Muchos de los avances hechos en estas semanas podrían impactar directamente en sectores tradicionales con alta afluencia de público, entre ellos el sector MICE (Meetings, Incentives, Conventions and Exhibitions), aunque ya hay ciudades que están centrando su estrategia en el desarrollo de este nicho, o los museos. Otras modalidades de viajes, como los cruceros, tienen frente a sí un gran reto, ya que digitalizar esa oferta resulta más complicado.

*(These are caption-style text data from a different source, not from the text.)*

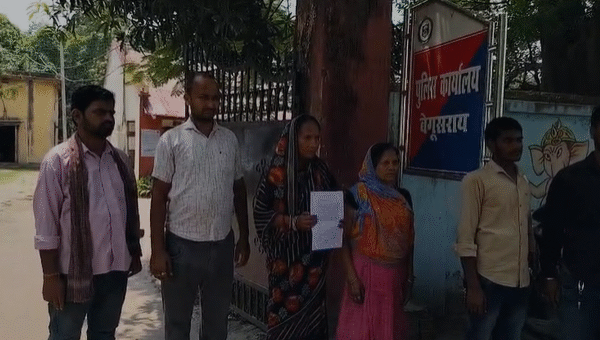 FIR से घिरे छात्र कुणाल का मामला गरमाया:&hellip;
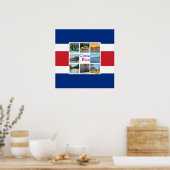 Poster Costa Rica (Cuisine)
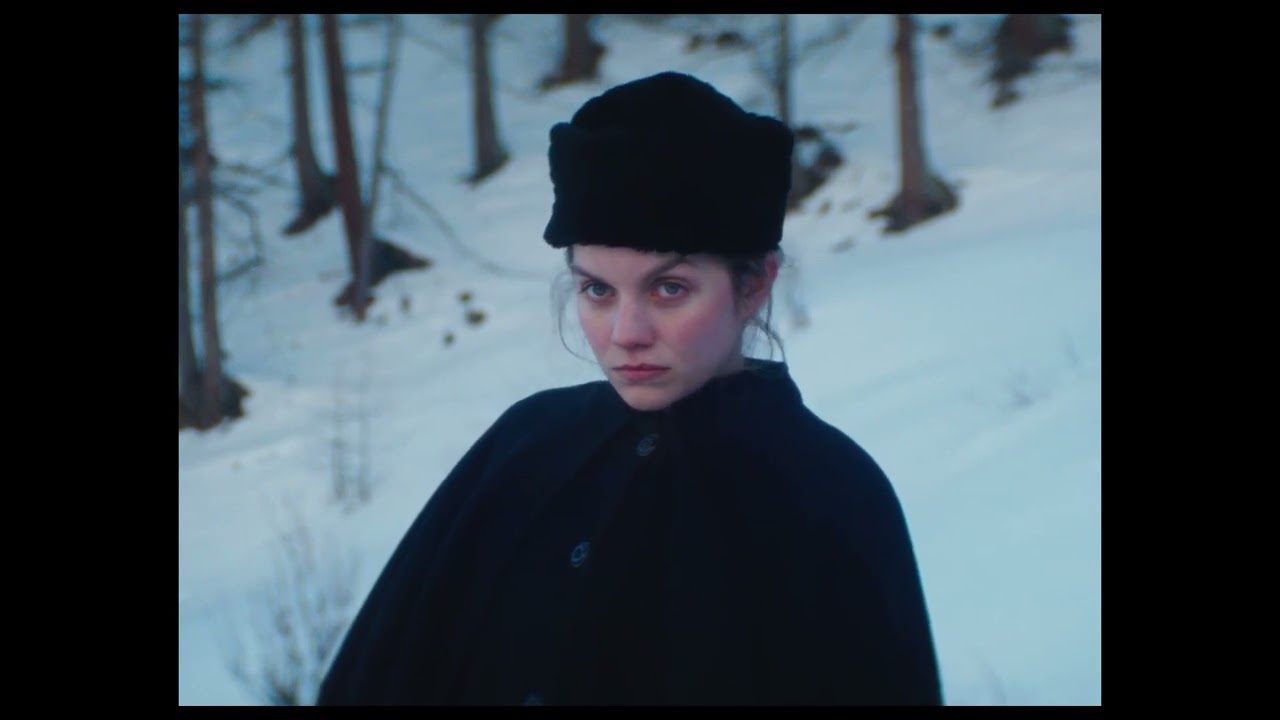 Trailer "L'Engloutie" de Louise Hémon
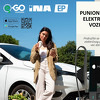 Nova usluga u ponudi: e-GO punjač za električna vozila na benzinskoj stanici Energopetrol Čengić Vila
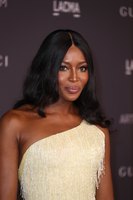 Naomi Campbell hoodie #2876012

Para finalizar, aquí algunas de lo que considero claves:

  • La colaboración público-privada, público-pública y privado-privada es una de las grandes claves. También la responsabilidad personal de cada uno de nosotros, tanto en origen como en destino, tanto como ciudadanos como en nuestro rol de turistas o viajeros.
  • La comunicación a todos los niveles debe ser clara y concisa para aportar la tan necesaria seguridad.
  • Hemos de sacar partido a los aprendizajes que nos ha traído esta crisis, de cara a saber gestionarla en caso de que se vuelva a repetir algo similar.
  • Deberíamos aprovechar las capacidades adquiridas para crear un turismo de impacto positivo, o al menos un turismo en el que las externalidades positivas superen con creces a la negativas
  • Ahora más que nunca es necesaria la utilización de la tecnología a nuestro favor: ese turismo digital que estamos practicando estos días puede servir para acercar los destinos a los turistas, tanto para trasladar la propuesta de valor, como la tan necesaria sensación de seguridad.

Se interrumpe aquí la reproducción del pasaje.